LaSalla: When I founded Astral AR I was the CTO. That changed when my original cofounders went different ways.
José and I met about 10 years ago when I was about to run a tabletop role-playing game. It had nothing to do with tech. Nothing to do with drones. When I found out he has a technical background from when he was in the military, it accelerated my determination to poach him. José can trace fiber optic cables while getting shot at, and he’s the only member of the air force I know who’s been shot.
We have quite a few veterans working with us, and all of them agree it’s therapeutic to be working on this particular technology because it’s designed to stop bullets.
Rowley: Let’s get into the tech. What are the drones’ main function?
LaSalla: Our piloting system allows you to fly the drone with your mind in augmented reality.
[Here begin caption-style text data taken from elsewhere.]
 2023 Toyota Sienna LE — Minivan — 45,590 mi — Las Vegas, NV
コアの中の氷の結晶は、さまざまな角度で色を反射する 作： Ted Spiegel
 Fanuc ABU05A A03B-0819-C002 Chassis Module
So you think ‘bank left,’ and the drone banks left. And you see all of this from the drone’s perspective in holographic 3D, in an AR vizor.
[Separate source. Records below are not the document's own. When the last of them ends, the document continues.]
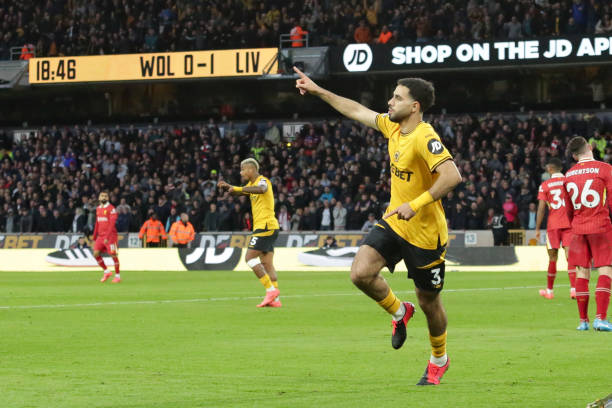 每位教练都 每位教练都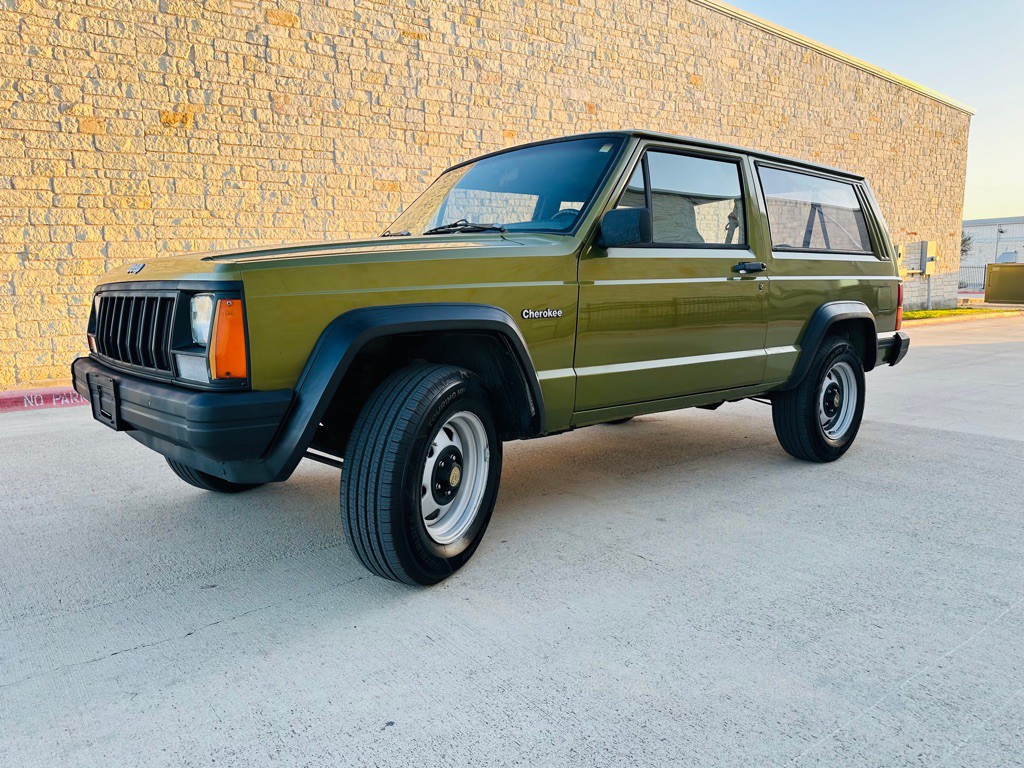 1996 Jeep Cherokee Image 4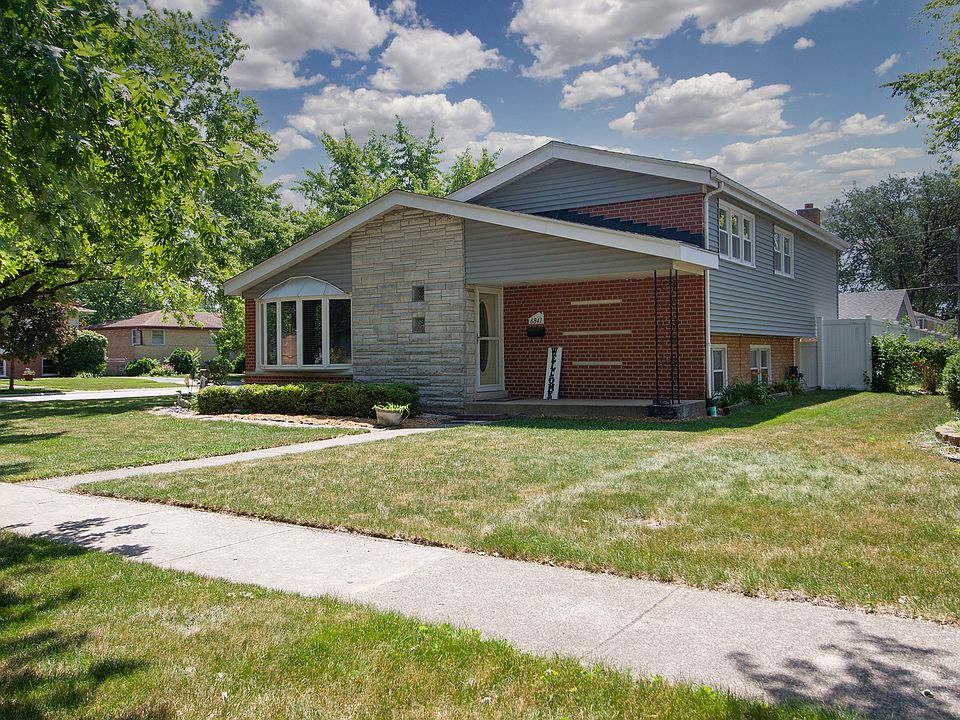 1st image of 6841 W 176th Pl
I came up with the original idea when a friend of mine sent me a link to an AR visor, and said “come up with an excuse to use these.”
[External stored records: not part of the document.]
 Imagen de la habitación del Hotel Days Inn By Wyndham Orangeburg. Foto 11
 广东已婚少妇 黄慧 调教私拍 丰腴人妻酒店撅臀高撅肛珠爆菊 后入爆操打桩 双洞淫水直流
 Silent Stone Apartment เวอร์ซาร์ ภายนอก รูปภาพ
The drones that we’re developing will allow law enforcement to do things like detect guns and bombs through walls.
Rowley: How do the drone stop bullets?
LaSalla: The drones are armored. The armor that we have sourced was developed by a researcher at the University of North Carolina. It’s a super material that pulverizes bullets on impact—a kind of a metallic foam.
Rowley: In addition to law enforcement, who are your customers?
LaSalla: We’ve also been solicited to do aerial security for the new Warriors stadium that’s being built in San Francisco.
Our drones can also do things like detect heartbeats and breathing through brick walls. So we can find people who are trapped in places. Our alpha stage technology was also solicited by recovery efforts for Hurricane Harvey and Irma.
Rowley: Tell me more about the AR aspect. How does it enhance your product?
LaSalla: What if a police officer knew in advance that there were no firearms present somewhere? What if he knew exactly what he was getting into before he got out of his car? He’d know there’d be no possibility for things to escalate into a life-threatening situation, so that would influence his decision-making paradigm.
That’s where the AR component factors in. You have to have an interface to demonstrate situational awareness. That’s what the AR is for from a law enforcement perspective.
Yes, [the drones] can be piloted manually. But the autonomous capability provides functionality that human reflexes can’t.
We’re still testing, and we have uniformed police officers who are helping us gather data. If you have to shoot at something, you don’t just get to determine that it works. It’s expeditious to involve the cops. Just have the cops do it for you.
Rowley: What else do you do to be a ‘proactively progressive’ company?
LaSalla: We have this thing that we call transition support for people who are trans.
One day I woke up and realized that an employer is an extremely powerful position to be in and drive what needs to happen in society.
Transition support is in our company handbook between smoking, cessation and tuition reimbursement. The point is that situations are only awkward if we make them awkward. If we treat something as normal, it’s normal.
In the case of people who are trans, if someone joins our team and they have a medical situation, and a change needs to be made across the organizational consciousness to bring all the teammates up to speed, as the employer what we can do is help facilitate everyone adjusting to that change. We can do this through something like a lunch and learn.
For people who need to make name changes, we’ll maintain their legacy information and their anticipated information. These are tiny changes. It costs the organization essentially nothing to do this. For people that we hire to know that something like transition support exists is powerful.
This is one of the policies we hope other organizations see and imitate, and it’s already happening. Other much larger companies than us have sought us out to find out how we approach this.
Astral AR will be exhibiting at CES in Las Vegas, NV, Jan. 9-12.